Com que autarquias têm protocolos estabelecidos? As quatro vagas que tínhamos passaram a 36 em cinco protocolos com as câmaras de Almeirim, Golegã, Torres Novas, Chamusca e Vila Nova da Barquinha. Juntou-se a Junta da Chamusca e Pinheiro Grande e vamos fazer protocolo com a Câmara do Entroncamento. Vamos chegar perto das 41 vagas em autarquias, fora empresas privadas que são quatro. À saída, muitos ficam a trabalhar.
Tem sido fácil conseguir esses parceiros? Tenho levado alguns nãos, mas sou persistente e volto à carga. Por exemplo, este protocolo com a Câmara do Entroncamento ando há 10 anos a tentar fazê-lo. Não é fácil.
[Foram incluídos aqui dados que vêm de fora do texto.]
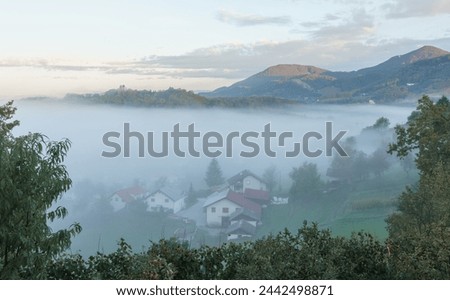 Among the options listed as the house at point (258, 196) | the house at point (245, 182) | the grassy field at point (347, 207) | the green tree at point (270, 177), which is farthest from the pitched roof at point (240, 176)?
the grassy field at point (347, 207)

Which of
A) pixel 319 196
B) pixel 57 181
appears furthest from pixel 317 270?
pixel 319 196

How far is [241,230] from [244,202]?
2.67 meters

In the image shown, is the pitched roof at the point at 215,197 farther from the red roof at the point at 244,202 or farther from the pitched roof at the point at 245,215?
the pitched roof at the point at 245,215

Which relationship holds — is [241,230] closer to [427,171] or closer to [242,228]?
[242,228]

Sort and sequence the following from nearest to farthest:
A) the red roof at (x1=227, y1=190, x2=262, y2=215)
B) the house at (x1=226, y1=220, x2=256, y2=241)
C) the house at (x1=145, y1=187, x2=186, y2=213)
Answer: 1. the house at (x1=226, y1=220, x2=256, y2=241)
2. the red roof at (x1=227, y1=190, x2=262, y2=215)
3. the house at (x1=145, y1=187, x2=186, y2=213)

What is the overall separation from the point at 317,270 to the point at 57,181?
2423mm

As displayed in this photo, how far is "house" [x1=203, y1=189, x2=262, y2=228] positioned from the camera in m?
49.5

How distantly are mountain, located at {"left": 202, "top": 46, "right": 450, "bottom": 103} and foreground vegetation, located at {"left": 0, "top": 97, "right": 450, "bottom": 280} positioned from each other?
171 ft

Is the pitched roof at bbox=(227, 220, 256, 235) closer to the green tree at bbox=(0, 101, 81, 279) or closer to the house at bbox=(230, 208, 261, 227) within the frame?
the house at bbox=(230, 208, 261, 227)

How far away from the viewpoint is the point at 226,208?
5269cm

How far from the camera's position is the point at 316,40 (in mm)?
48938

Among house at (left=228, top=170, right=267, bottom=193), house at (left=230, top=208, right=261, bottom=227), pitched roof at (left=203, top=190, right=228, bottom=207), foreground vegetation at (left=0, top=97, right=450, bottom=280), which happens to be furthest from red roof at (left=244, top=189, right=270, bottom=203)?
foreground vegetation at (left=0, top=97, right=450, bottom=280)

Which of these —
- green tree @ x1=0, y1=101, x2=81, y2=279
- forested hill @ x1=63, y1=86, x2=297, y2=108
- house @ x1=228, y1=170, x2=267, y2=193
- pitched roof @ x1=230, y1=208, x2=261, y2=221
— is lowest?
pitched roof @ x1=230, y1=208, x2=261, y2=221

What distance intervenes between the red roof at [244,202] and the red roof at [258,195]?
4.47ft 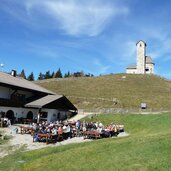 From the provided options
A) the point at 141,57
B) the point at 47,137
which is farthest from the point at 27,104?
the point at 141,57

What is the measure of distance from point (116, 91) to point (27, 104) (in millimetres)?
43838

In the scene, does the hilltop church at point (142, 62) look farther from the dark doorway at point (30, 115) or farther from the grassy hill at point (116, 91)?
the dark doorway at point (30, 115)

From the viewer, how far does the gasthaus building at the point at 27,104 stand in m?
45.1

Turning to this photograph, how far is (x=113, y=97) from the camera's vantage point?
7944 centimetres

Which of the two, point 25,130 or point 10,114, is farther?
point 10,114

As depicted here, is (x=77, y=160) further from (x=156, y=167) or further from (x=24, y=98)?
(x=24, y=98)

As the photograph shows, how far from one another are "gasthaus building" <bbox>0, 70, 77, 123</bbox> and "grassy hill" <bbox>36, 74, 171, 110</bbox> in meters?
13.8

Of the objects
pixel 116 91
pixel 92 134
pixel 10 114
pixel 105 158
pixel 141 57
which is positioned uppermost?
pixel 141 57

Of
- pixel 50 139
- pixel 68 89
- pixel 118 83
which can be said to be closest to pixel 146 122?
pixel 50 139

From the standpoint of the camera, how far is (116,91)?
3472 inches

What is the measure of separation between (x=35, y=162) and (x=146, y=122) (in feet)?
71.5

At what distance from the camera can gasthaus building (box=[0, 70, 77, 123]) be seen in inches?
1775

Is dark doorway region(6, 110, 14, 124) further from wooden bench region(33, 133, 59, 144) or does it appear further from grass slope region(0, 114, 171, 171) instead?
grass slope region(0, 114, 171, 171)

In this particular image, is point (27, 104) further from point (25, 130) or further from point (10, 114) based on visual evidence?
point (25, 130) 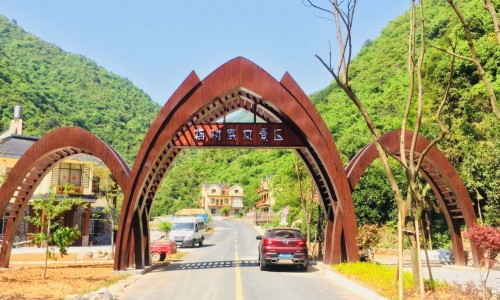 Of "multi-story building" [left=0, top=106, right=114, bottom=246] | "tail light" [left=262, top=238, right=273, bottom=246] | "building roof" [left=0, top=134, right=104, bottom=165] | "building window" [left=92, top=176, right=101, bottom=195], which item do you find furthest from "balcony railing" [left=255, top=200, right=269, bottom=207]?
"tail light" [left=262, top=238, right=273, bottom=246]

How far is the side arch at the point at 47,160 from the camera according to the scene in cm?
1572

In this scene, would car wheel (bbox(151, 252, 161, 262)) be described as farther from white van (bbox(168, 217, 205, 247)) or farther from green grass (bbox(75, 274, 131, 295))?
white van (bbox(168, 217, 205, 247))

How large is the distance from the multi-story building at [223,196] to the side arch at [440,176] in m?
84.7

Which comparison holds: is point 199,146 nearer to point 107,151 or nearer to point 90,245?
point 107,151

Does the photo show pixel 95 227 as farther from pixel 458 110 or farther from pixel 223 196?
pixel 223 196

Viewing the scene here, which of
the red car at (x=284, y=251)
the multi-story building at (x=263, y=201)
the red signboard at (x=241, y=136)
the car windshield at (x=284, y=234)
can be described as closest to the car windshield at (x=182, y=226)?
the car windshield at (x=284, y=234)

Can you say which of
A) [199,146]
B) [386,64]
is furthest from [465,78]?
[386,64]

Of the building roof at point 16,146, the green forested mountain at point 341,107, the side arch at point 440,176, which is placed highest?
the green forested mountain at point 341,107

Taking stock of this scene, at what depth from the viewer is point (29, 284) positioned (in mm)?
12273

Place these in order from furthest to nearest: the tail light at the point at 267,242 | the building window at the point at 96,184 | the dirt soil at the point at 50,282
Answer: the building window at the point at 96,184 < the tail light at the point at 267,242 < the dirt soil at the point at 50,282

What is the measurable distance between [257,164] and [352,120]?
43.6 meters

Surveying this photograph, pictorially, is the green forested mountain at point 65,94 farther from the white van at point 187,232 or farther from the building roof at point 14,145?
the white van at point 187,232

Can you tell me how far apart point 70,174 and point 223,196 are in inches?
2779

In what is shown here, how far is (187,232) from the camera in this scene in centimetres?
3344
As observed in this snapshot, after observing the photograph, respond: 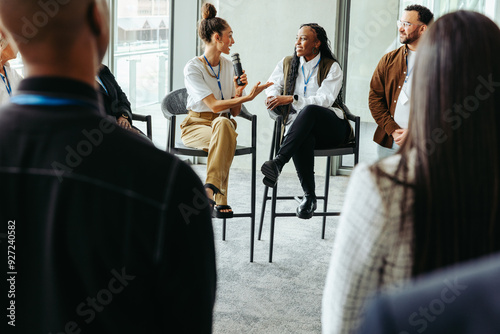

Tem de se sensibilizar as pessoas, sobretudo no tecido empresarial ainda há muito a fazer porque há preconceito, muitas vezes dissimulado, que não é assumido, mas que é perceptível. Falta perceber que são cidadãos que vão voltar à sociedade e, por isso, quanto mais colaborarmos e os ajudarmos, melhor para todos.

“As pessoas são mais do que os actos que praticam”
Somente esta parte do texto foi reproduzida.